HOW TO COMPLETE THIS TASK =
Everything from the line that has "A stack of Christmas" to the last line of the listing must be repeated exactly, and nothing more; omit the pictures.

*** INPUT DATA Section Begins ***

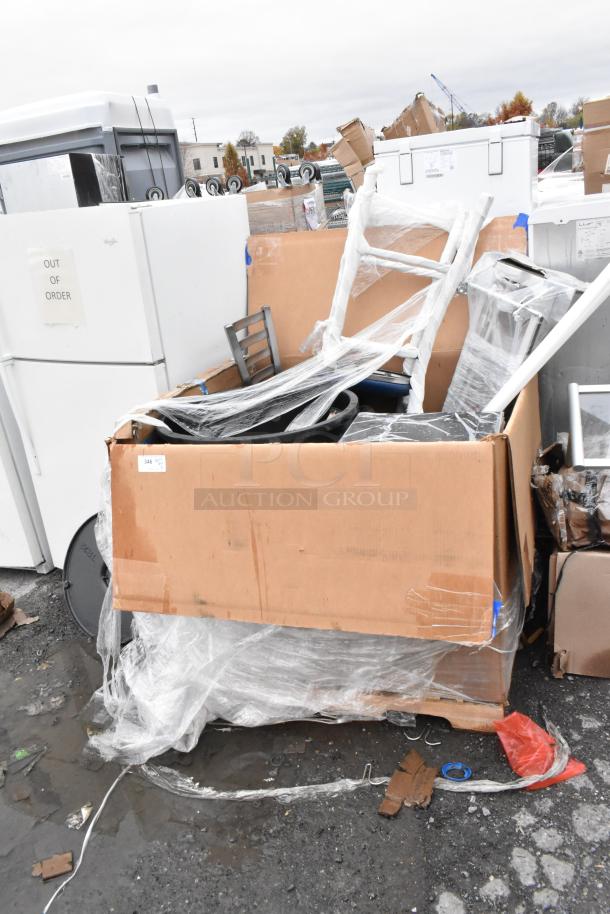 Box containing scratch and dent items, including Lancaster table tops and Lavex trash cans, with protective wrap and visible tags.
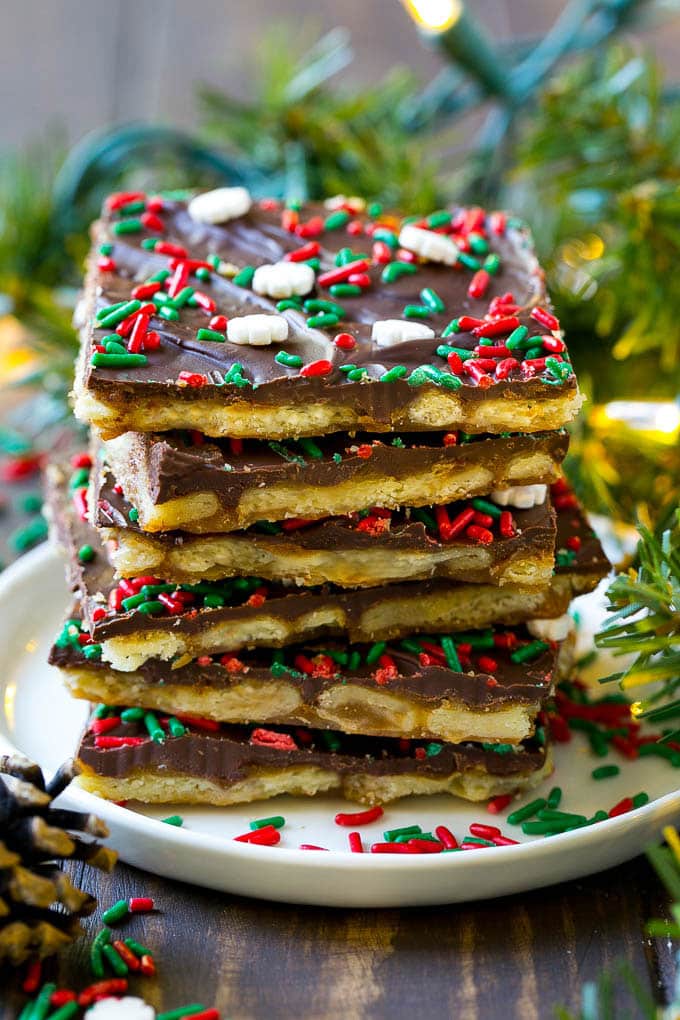 A stack of Christmas crack toffee pieces on a serving plate.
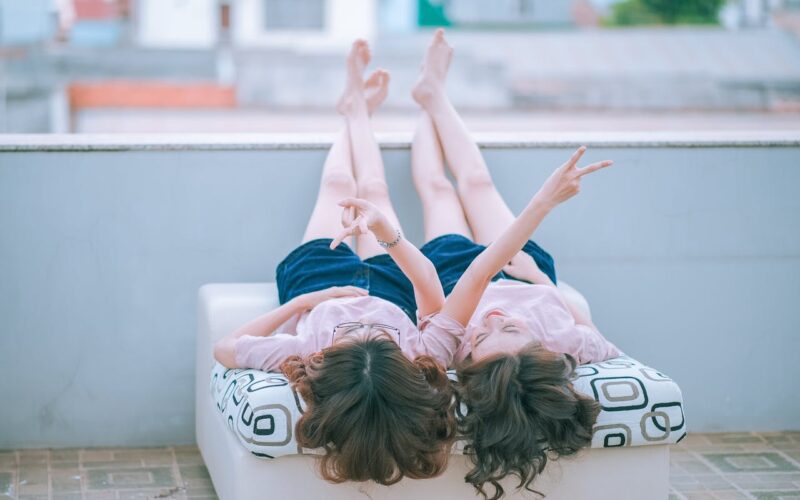Two women lying on a white mattress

*** INPUT DATA Section Ends ***

FINISHED EXERCISE =
 A stack of Christmas crack toffee pieces on a serving plate.
Two women lying on a white mattress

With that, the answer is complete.